Competitors at the University of Chicago’s Midwest Trading Competition - peep Isabella and her teammates in the back!

Competitors at the University of Chicago’s Midwest Trading Competition - peep Isabella and her teammates in the back!

CIEC: What advice would you give someone who is interested in participating in these types of competitions, but doesn’t know where to begin/how to get information?

Zhu: I don’t think participating in these competitions is necessary in itself, but it’s definitely helpful to know these opportunities exist.

I would say the most important thing is to actively seek information and constantly reflect upon your personal goals/plans in joint with that information you acquire. Seeking this information could entail many things – Googling is often sufficient for you to be aware of the existence of various opportunities; to gain a more first-hand, in-depth explanation of what these opportunities are like, you might want to talk to alumnae, Smithies, or your friends at other schools that have had similar experiences.

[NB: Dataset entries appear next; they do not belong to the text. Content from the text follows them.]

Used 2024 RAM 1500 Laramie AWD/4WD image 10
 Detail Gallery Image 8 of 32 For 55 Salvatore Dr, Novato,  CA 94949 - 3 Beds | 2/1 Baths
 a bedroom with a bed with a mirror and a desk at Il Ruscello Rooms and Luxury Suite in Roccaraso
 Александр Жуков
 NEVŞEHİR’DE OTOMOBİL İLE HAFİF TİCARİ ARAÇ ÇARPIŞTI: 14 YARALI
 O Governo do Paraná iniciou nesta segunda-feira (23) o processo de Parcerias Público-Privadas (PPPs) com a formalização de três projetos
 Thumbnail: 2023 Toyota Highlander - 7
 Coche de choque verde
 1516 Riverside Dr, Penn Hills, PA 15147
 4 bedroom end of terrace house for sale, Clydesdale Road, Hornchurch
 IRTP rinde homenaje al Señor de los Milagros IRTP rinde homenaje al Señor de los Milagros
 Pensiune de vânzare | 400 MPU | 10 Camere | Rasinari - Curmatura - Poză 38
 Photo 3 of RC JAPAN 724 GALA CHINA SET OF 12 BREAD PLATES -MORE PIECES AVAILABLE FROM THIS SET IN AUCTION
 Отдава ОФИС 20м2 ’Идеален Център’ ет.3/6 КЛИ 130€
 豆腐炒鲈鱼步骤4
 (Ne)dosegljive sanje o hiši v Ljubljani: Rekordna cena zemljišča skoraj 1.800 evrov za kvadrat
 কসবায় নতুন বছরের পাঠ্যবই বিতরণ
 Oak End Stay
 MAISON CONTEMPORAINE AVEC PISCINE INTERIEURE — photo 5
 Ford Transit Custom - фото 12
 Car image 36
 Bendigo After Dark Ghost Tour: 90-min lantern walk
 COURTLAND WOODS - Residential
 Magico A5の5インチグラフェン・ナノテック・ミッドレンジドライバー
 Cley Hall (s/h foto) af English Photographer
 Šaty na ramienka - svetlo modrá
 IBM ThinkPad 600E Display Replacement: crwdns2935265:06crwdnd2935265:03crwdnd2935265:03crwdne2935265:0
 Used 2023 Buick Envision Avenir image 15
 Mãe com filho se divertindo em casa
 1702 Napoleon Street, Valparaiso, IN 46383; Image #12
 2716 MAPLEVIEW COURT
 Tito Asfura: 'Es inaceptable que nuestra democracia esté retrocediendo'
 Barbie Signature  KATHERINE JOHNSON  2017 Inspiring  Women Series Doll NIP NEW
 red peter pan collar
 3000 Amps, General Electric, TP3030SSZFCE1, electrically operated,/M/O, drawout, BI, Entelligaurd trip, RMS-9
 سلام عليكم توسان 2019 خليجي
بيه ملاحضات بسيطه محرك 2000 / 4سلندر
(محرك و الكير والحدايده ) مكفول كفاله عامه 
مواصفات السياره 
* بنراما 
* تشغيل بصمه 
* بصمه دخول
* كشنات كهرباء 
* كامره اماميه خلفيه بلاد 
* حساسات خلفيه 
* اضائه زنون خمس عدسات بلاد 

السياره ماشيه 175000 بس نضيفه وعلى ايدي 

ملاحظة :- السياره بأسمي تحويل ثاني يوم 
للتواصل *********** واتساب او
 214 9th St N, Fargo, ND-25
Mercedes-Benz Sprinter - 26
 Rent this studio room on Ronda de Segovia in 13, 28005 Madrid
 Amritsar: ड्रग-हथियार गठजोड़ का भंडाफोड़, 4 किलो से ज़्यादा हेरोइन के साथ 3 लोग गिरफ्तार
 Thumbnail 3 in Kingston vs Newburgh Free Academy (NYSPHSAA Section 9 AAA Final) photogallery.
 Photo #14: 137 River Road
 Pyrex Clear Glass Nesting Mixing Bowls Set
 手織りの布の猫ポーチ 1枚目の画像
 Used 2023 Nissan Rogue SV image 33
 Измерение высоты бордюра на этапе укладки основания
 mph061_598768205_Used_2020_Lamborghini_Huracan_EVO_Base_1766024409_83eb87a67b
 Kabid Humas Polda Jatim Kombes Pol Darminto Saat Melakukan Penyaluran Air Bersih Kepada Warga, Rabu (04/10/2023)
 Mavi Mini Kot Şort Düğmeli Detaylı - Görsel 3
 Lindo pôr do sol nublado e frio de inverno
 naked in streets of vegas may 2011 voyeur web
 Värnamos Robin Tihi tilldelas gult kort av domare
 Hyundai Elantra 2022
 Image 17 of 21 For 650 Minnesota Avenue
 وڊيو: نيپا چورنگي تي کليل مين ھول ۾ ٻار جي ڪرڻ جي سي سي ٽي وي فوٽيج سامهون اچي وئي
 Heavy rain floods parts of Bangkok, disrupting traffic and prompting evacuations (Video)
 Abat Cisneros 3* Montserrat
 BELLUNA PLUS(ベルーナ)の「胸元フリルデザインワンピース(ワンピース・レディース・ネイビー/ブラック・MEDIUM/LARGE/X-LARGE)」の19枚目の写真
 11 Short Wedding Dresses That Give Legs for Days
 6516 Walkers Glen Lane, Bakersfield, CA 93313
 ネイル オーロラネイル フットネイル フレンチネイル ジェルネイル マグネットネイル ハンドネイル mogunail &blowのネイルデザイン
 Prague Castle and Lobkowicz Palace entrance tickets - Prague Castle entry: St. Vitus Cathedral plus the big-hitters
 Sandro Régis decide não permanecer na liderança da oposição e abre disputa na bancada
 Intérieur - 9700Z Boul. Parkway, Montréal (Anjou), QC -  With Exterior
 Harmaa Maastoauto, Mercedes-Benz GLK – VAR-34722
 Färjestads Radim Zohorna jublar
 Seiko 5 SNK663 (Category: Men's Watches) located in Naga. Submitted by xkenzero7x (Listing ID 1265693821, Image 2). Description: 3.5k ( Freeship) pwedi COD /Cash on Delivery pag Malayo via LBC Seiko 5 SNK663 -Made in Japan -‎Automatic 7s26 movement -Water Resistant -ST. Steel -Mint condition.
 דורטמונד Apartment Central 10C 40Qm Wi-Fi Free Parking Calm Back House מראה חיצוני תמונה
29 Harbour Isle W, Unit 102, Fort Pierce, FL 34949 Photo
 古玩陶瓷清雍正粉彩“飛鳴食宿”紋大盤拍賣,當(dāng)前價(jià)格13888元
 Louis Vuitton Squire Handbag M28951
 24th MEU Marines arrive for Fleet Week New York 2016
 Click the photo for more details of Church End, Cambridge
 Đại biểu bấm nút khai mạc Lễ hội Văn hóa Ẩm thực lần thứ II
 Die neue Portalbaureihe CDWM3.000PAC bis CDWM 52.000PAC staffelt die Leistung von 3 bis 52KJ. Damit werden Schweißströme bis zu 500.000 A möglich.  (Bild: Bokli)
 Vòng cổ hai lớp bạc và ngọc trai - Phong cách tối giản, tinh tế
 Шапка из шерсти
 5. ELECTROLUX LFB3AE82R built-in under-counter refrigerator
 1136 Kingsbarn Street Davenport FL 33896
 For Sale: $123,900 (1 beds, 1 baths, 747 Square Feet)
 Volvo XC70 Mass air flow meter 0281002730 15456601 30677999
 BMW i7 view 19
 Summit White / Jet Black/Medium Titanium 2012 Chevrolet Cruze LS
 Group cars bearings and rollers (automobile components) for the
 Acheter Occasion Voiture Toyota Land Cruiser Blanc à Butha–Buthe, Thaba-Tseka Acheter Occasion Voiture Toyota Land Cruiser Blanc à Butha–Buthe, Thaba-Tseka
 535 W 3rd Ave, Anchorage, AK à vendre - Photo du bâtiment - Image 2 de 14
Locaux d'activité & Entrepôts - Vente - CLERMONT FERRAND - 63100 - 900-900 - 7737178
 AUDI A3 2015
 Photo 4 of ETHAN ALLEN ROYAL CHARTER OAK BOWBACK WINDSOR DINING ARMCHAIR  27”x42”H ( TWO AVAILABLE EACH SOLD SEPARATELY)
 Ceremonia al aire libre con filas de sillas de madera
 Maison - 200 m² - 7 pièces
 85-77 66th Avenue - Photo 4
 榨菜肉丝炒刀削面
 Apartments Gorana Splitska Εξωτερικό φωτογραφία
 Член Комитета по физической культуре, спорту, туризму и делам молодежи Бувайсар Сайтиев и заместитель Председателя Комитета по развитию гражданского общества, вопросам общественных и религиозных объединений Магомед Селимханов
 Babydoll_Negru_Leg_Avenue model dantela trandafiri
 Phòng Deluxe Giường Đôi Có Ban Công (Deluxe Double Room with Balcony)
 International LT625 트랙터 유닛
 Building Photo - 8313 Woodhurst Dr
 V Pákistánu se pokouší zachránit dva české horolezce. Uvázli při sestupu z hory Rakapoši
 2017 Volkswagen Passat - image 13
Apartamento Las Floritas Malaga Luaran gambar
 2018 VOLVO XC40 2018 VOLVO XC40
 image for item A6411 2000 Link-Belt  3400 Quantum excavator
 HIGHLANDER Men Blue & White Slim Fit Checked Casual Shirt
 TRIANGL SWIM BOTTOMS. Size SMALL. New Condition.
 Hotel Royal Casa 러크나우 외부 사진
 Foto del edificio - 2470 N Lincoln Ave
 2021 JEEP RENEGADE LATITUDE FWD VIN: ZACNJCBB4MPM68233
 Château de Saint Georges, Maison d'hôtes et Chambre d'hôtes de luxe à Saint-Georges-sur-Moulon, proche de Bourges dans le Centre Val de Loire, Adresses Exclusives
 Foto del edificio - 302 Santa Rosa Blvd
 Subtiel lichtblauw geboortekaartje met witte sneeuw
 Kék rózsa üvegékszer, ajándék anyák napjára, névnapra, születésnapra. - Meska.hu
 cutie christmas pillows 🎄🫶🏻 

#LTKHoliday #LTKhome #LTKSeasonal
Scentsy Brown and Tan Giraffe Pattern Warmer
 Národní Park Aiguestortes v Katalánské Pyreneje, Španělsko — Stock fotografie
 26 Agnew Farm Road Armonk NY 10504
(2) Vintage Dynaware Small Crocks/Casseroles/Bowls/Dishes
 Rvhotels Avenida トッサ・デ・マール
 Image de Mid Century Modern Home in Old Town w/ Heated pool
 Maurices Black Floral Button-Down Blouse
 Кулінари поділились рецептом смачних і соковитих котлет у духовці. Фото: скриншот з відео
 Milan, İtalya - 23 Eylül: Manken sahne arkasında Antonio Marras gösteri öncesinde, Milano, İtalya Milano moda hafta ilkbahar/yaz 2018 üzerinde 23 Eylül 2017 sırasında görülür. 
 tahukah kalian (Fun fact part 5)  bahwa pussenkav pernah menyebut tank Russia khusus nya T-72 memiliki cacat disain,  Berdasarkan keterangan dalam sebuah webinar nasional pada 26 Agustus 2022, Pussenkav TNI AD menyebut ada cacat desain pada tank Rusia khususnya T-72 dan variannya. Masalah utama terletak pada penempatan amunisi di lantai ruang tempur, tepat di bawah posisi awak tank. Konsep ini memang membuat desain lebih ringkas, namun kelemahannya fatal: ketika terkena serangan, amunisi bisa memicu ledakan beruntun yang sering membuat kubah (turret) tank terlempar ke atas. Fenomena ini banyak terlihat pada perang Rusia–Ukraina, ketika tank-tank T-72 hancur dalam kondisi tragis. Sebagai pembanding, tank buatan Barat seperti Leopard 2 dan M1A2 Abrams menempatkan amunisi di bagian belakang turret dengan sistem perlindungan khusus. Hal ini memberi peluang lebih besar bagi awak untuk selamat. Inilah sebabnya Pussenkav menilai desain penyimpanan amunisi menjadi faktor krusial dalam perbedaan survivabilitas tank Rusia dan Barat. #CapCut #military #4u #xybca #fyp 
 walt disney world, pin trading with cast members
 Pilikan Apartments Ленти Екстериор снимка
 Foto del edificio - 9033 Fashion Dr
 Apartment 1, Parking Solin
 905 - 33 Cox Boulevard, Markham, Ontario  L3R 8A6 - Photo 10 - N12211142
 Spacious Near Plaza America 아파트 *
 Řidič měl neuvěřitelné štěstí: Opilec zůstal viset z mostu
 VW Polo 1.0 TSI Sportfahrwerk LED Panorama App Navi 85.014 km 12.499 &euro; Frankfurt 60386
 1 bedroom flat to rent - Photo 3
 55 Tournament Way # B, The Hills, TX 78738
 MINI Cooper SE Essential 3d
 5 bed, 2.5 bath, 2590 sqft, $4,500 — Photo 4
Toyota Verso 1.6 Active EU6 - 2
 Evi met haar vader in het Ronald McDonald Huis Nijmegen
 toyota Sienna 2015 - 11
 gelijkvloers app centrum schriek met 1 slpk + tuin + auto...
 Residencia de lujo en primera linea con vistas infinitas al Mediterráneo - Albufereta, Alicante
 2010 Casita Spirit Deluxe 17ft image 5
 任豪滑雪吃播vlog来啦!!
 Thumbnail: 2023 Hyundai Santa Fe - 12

However, at the end of the day, the single most crucial task is to factor in your own goals and preferences. You must ask: does this interest me? am I intellectually excited by this? does this at least partially align with my short-term goals? Every individual has a different decision-making process, but it all starts with acquiring information and more importantly, keep doing personal reflection. It took me a long while to realize where my career interest is, and I really couldn’t have found it without the help and support from many others. Honestly, I’ve talked to many Smithies who feel confused on making future plans. I totally understand it, but we should never leave such an important question only to ourselves – don’t hesitate to reach out to people for advice, help, and emotional support, cause we’ve all been there and Smith has a strong support network...and I’m always happy to talk!

CIEC: What are your future career goals?

Zhu: My future career goal is to work in a position that is involved with the financial markets, and advocate for diversity and inclusion in the financial industry.